> [What the exercise asks]:
Each line of the material below is to be given again exactly.

> [Input material]:
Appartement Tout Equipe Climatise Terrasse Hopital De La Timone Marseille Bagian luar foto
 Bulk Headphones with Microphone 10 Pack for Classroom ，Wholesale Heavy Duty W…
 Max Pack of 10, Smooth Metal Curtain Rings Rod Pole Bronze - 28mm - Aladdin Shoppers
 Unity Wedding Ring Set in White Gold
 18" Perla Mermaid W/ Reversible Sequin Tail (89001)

> [Exercise response]:
Appartement Tout Equipe Climatise Terrasse Hopital De La Timone Marseille Bagian luar foto
 Bulk Headphones with Microphone 10 Pack for Classroom ，Wholesale Heavy Duty W…
 Max Pack of 10, Smooth Metal Curtain Rings Rod Pole Bronze - 28mm - Aladdin Shoppers
 Unity Wedding Ring Set in White Gold
 18" Perla Mermaid W/ Reversible Sequin Tail (89001)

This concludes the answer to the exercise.